Reproduce exactly the span of lines beginning at the one with "Free 1 Month" and ending at the last line of the data below, omitting pictures.

INFORMATION SUPPLIED: Begin

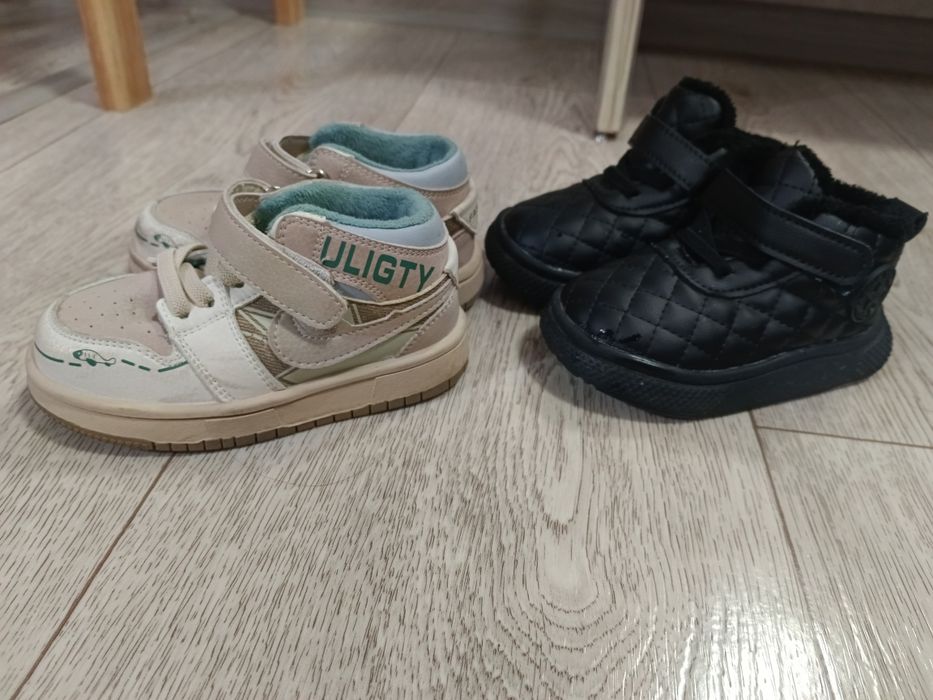 Продам детскую обувь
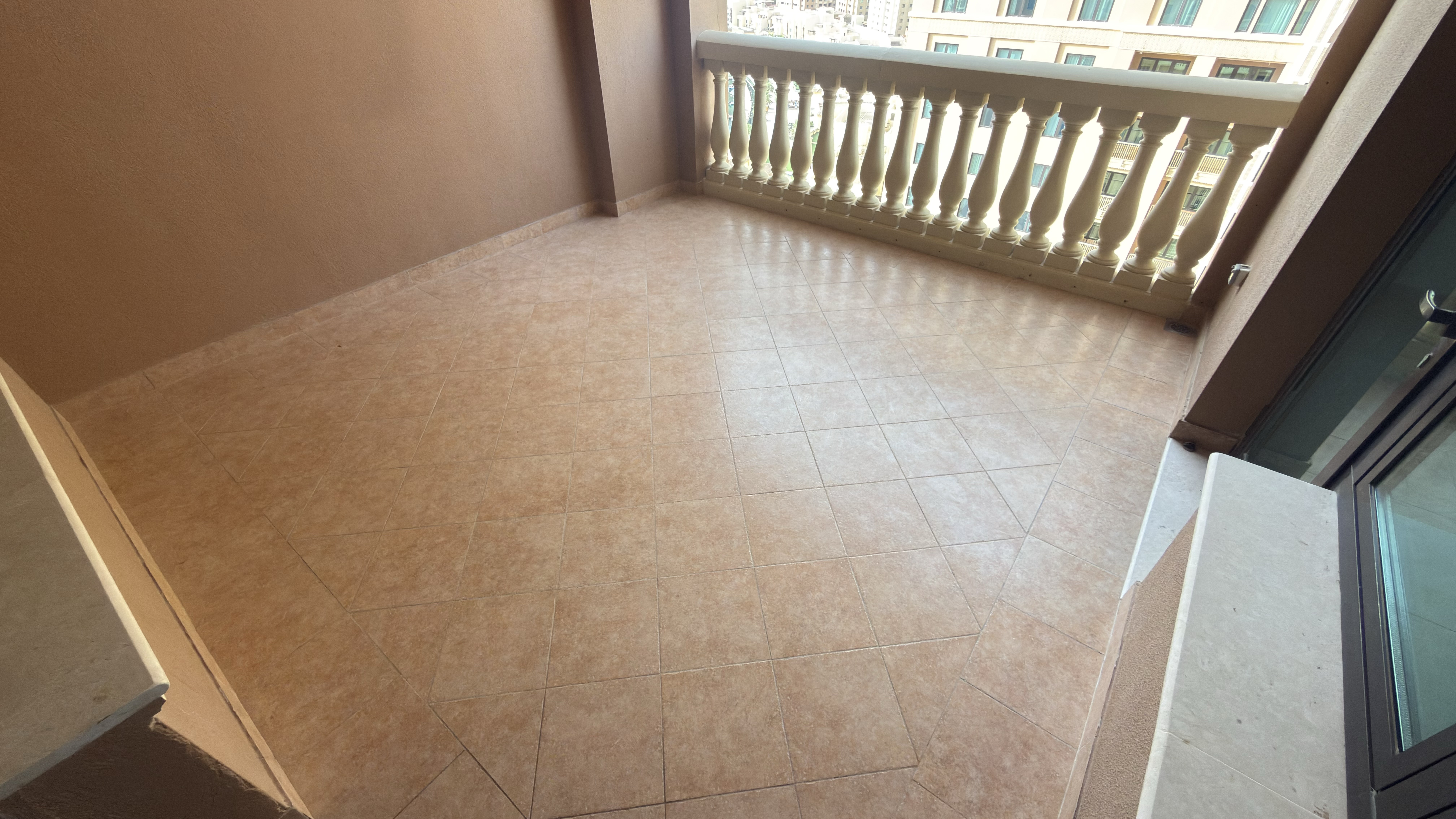 Free 1 Month 1BHK+Office+Balcony With Marina Views thumbnail 4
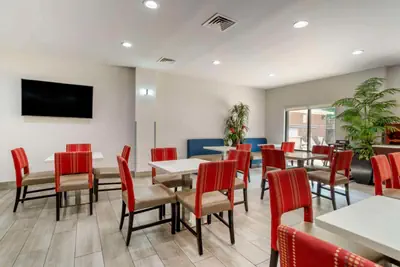 Photo 4 - Comfort Suites At WestGate Mall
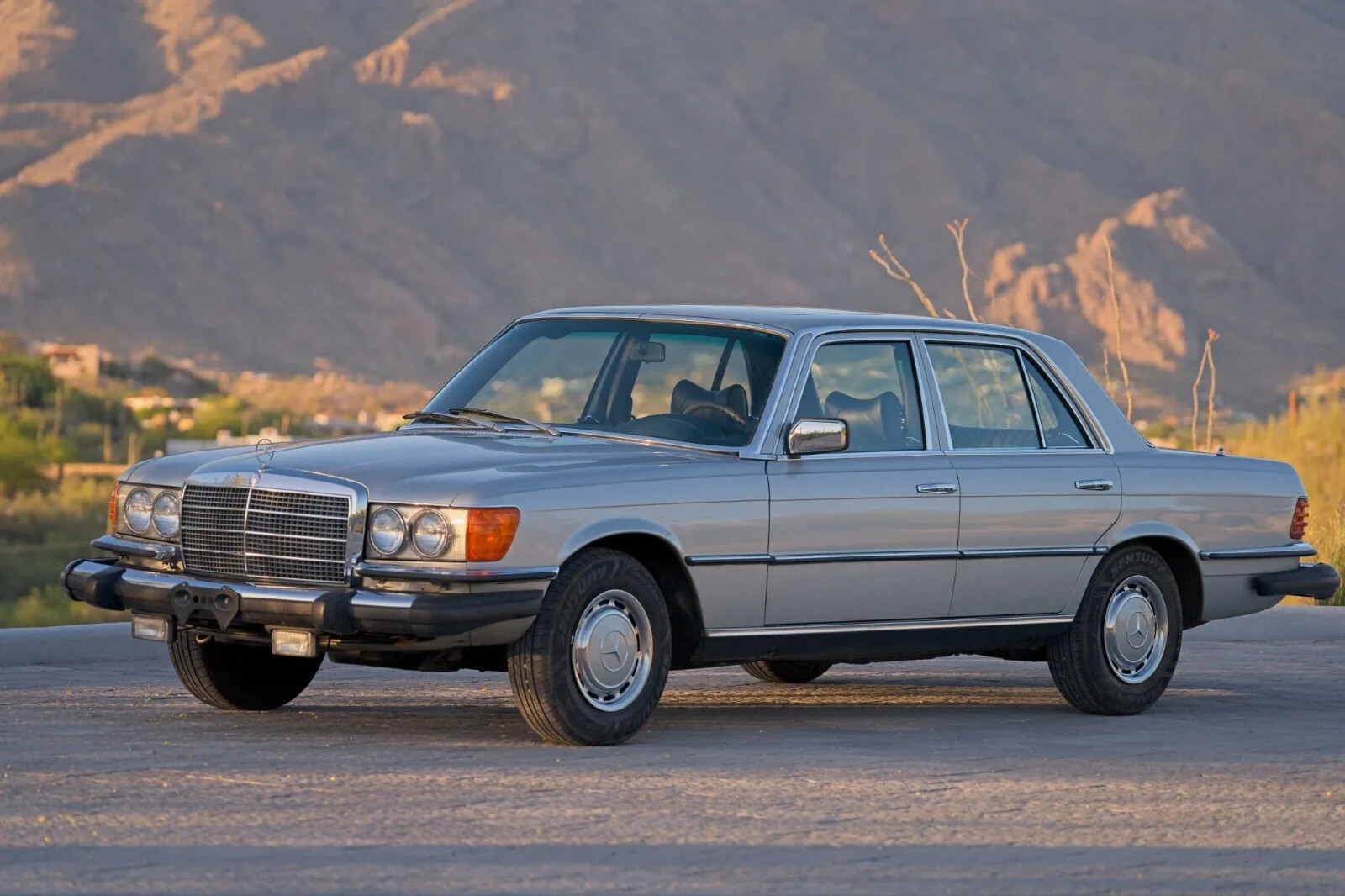 Mercedes-Benz-Other-1975-Sedan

INFORMATION SUPPLIED: End

EXERCISE SOLUTION:
 Free 1 Month 1BHK+Office+Balcony With Marina Views thumbnail 4
 Photo 4 - Comfort Suites At WestGate Mall
 Mercedes-Benz-Other-1975-Sedan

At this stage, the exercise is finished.